> **DATA FOR PROCESSING**
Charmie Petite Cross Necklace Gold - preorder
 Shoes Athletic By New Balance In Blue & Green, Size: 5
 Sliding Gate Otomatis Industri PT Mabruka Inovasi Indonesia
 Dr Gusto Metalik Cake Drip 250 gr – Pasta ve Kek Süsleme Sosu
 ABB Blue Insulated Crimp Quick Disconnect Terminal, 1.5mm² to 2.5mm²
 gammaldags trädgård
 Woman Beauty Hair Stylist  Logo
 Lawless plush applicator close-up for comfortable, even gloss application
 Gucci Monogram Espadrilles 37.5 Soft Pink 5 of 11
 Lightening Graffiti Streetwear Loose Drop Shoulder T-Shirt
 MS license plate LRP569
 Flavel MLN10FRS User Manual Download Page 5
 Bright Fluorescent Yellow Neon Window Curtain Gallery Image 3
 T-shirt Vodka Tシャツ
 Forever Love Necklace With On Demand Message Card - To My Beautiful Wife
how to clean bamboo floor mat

> **WORK ORDER**
Where a line of the records contains the word "Blue", copy that line.

> **WRITTEN RESPONSE**
 Shoes Athletic By New Balance In Blue & Green, Size: 5
 ABB Blue Insulated Crimp Quick Disconnect Terminal, 1.5mm² to 2.5mm²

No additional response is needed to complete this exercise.